TREASURY FOR CPLANTIER 
 
E.O. 12958: N/A 
TAGS: ECON EFIN TU
SUBJECT: NEW TURKISH WITHHOLDING TAX ROILS BROKERS AND 
BANKS BUT HAS MINIMAL MARKET IMPACT 
 
 
1. (SBU) Summary: Turkey's new 15 percent withholding tax on 
capital gains and interest from government securities has had 
little of the market impact that market players predicted 
last year.  A number of analysts profess surprise at how 
limited the impact has been, with some noting that the 
Treasury wisely reduced its rollover ratio at the same time 
that it introduced the tax, thereby minimizing its impact. 
Interest rates on government debt have risen slightly in 
recent weeks, most analysts ascribed the increase to the 
impact of increasing rates in the U.S. and other developed 
countries on flows to emerging markets.  The withholding 
tax's impact on stock prices has also been minimal, with many 
noting that the negative hit from the new tax has been more 
than counterbalanced by gains resulting from the reduction in 
Turkey's corporate tax rate from 30 to 20 percent.  Still, 
the tax has had an important impact in several derivative 
markets, most notably in that for American depository 
receipts (ADRs) for Turkish companies.  Local custodians note 
that because of uncertainty surrounding tax issues, new ADRs 
are not being issued, and while existing ones continue to be 
traded, they are not being cancelled or reissued.  Concerned 
depositary institutions, including notably the Bank of New 
York (BONY), which holds 70 percent of the local market, have 
lobbied without success for the exclusion of ADRs from the 
tax.  From a big picture policy perspective, the withholding 
tax has considerable merit as it is part of a broader, 
IMF-supported effort to tax all financial instruments 
equally.  End Summary. 
 
2. (SBU) A Controversial Measure: The new withholding tax 
sparked extensive concern and opposition last year, with 
leading local and international brokerages making the journey 
to Ankara to argue that the measure could bring a sharp spike 
in the interest rates Turkey pays on its government debt, as 
investors took on board a new cost that would significantly 
diminish the return they received on their investments.  In 
the event, however, the new tax made its debut not with a 
bang, but with a whimper, with an almost imperceptible impact 
on Turkey's broad market indices.  Local brokerages we 
surveyed (including Global, EFG Securities, EkspresInvest, 
and Finansinvest) admit to being surprised by the low-key 
reaction.  They attribute it to several factors, including a 
wait-and-see attitude adopted by many investors in the first 
months of the tax's implementation, and the fact that the 
measure does not apply to bonds purchased before the tax's 
entry into force on January 1.  Cem Akyurek at Global also 
noted that the Treasury's decision to reduce the rollover 
ratio on Turkish debt helped to minimize the impact.  Some 
analysts believe, however, that the tax's full effect will 
only be visible in 6-10 months, as more existing treasuries 
expire and investors must select another investment vehicle. 

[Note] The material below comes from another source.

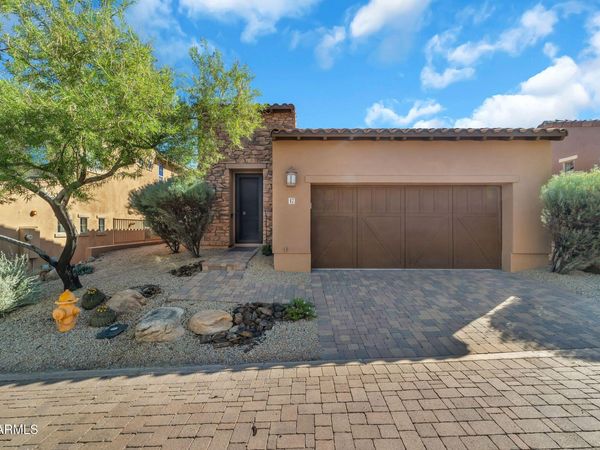 6231 E MARK Way, Unit 17, Cave Creek, AZ 85331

Baturalp Candemir at EFG, notes that with the interest banks 
pay on deposits matching (and in many cases exceeding) the 
rates on treasury bills, more and more investors are opting 
to take their money out of government bonds when their 
existing holdings mature and put them in deposit accounts. 
He attributes the slight uptick in rates at the end of 
January and early February in part to this phenomenon, and 
predicts that this trend will intensify. 
 
3. (SBU) Localized Impact: Though the broad market impact of 
the new tax has been limited, certain of its provisions have 
severely roiled some market segments, including particularly 
the market for American Depository Receipts (ADRs) of Turkish 
companies.  That market has been frozen since the beginning 
of the year, as the way in which Turkish tax authorities 
apply the tax leaves the final purchaser of such an 
instrument liable for tax on the capital gain over its entire 
life when it is cancelled or reissued, potentially eclipsing 
any capital gain he or she earned from it.  The Bank of New 
York (BONY) has pursued this issue with the Turkish 
Government without success, and warns that if the rules are 
not reworked to permit the ADR market to function, BONY, 
which controls 70 percent of that market in Turkey, may be 
compelled to close its local office.  "We have lost our 
entire revenue base," BONY's Istanbul Representatiave 
Neslihan Tombul told us recently.  Tombul characterized her 
meetings with government officials in Ankara as unproductive, 
noting that officials there seem intent on maintaining an 
approach to taxing these instruments that is out-of-step with 
world practice.  Others who participated in the meetings note 
that while the Ministry now understands the problem, it is 
not inclined to correct it, as it believes it would be unfair 
provide special treatment to one type of instrument.  They 
note that local brokers have lined up on the other side of 
the issue out of fear that exempting ADRs will shift 
transaction volume out of the Istanbul Stock Exchange and 
 
ISTANBUL 00000392  002 OF 003 
 
 
overseas.  Tombul appealed for the Embassy to raise the issue 
with the GOT, given its impact on BONY's bottom line. 
 
4. (SBU) Swaps: Complicating the story is the fact that for 
the time being at least, authorities are not applying the 
withholding tax to swap contracts in countries such as the 
Netherlands or the U.S. which have double taxation treaties 
with Turkey.  Local brokers characterize this market as a 
"gray area," which is neither completely legal or illegal.  A 
number of them, however, have looked into the market and 
decided that the risks are too great, as the custodian in the 
Netherlands or other tax treaty country may be left with the 
tax liability if, for instance, the transactions are 
investigated and it is determined that the end beneficiary of 
the swap was not a resident of the Netherlands who was 
entitled to benefit from the tax treaty.  This specific issue 
has also been raised with the U.S. Mission by concerned 
investors, who note that Turkish authorities are considering 
a regulation whereby they will make this exclusion explicit. 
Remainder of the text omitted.